Task prompt >>
If a record below holds a picture, leave the picture out and copy the rest exactly.

Pictures with short captions:
════════════════════

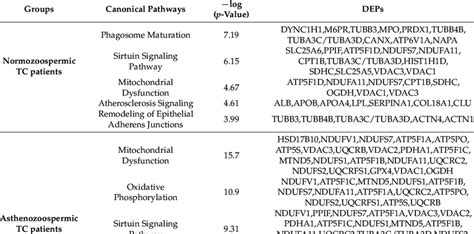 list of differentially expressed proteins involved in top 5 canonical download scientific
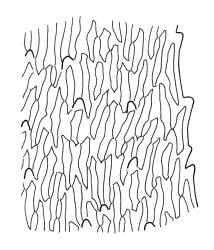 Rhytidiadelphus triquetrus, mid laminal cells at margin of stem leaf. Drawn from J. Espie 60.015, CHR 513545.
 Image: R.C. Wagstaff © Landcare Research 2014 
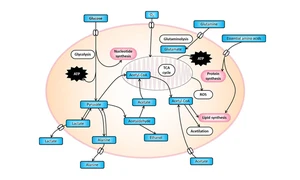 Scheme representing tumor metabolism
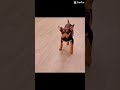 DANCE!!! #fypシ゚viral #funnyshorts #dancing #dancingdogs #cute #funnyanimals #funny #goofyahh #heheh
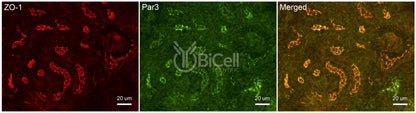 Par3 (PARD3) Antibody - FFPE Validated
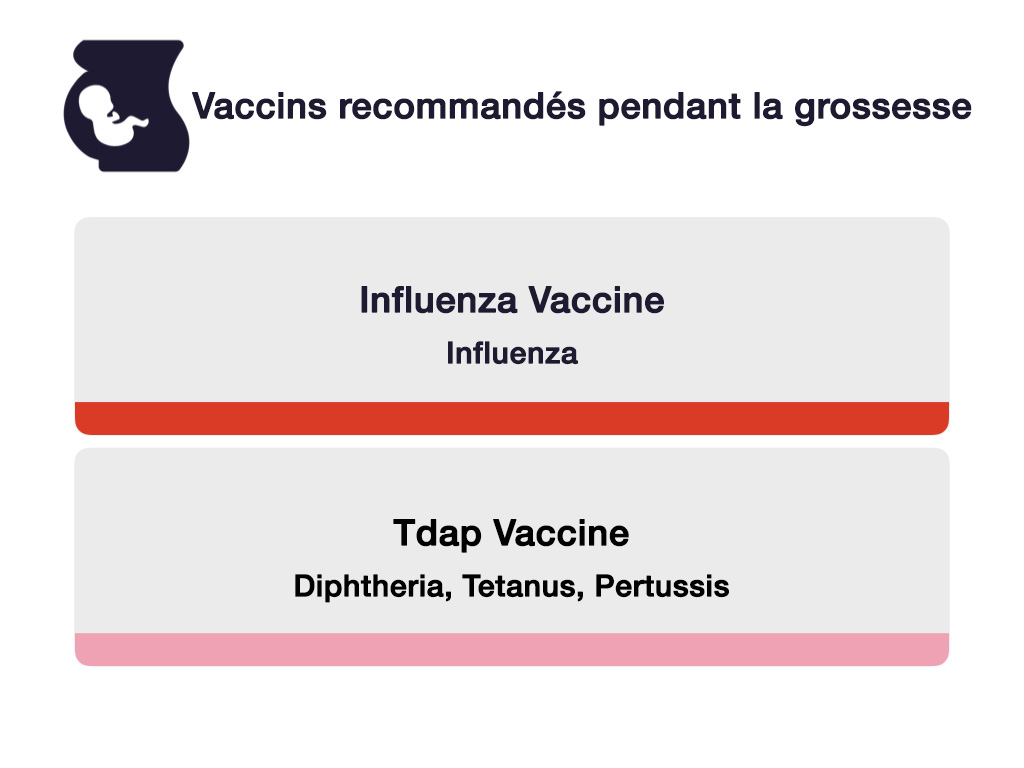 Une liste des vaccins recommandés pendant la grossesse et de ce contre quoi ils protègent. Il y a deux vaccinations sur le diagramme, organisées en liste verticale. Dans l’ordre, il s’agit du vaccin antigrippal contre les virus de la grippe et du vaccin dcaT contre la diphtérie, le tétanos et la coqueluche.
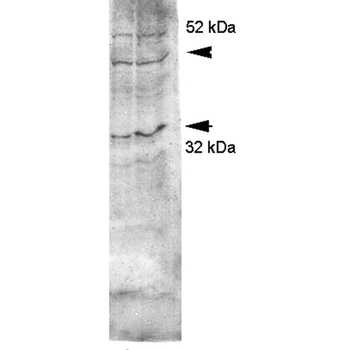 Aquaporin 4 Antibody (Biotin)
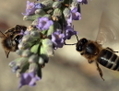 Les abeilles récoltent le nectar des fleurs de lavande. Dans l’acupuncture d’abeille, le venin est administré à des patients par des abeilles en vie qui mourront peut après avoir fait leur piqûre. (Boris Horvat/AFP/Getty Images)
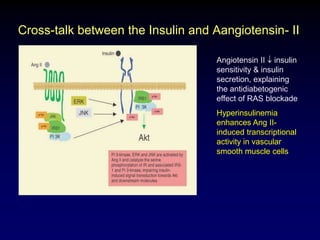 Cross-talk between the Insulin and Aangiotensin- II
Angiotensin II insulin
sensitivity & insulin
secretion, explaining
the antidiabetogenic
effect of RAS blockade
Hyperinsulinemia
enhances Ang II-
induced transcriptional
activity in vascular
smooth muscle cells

════════════════════

Response >>
 list of differentially expressed proteins involved in top 5 canonical download scientific
 Rhytidiadelphus triquetrus, mid laminal cells at margin of stem leaf. Drawn from J. Espie 60.015, CHR 513545.
 Image: R.C. Wagstaff © Landcare Research 2014 
 Scheme representing tumor metabolism
 DANCE!!! #fypシ゚viral #funnyshorts #dancing #dancingdogs #cute #funnyanimals #funny #goofyahh #heheh
 Par3 (PARD3) Antibody - FFPE Validated
 Une liste des vaccins recommandés pendant la grossesse et de ce contre quoi ils protègent. Il y a deux vaccinations sur le diagramme, organisées en liste verticale. Dans l’ordre, il s’agit du vaccin antigrippal contre les virus de la grippe et du vaccin dcaT contre la diphtérie, le tétanos et la coqueluche.
 Aquaporin 4 Antibody (Biotin)
 Les abeilles récoltent le nectar des fleurs de lavande. Dans l’acupuncture d’abeille, le venin est administré à des patients par des abeilles en vie qui mourront peut après avoir fait leur piqûre. (Boris Horvat/AFP/Getty Images)
 Cross-talk between the Insulin and Aangiotensin- II
Angiotensin II insulin
sensitivity & insulin
secretion, explaining
the antidiabetogenic
effect of RAS blockade
Hyperinsulinemia
enhances Ang II-
induced transcriptional
activity in vascular
smooth muscle cells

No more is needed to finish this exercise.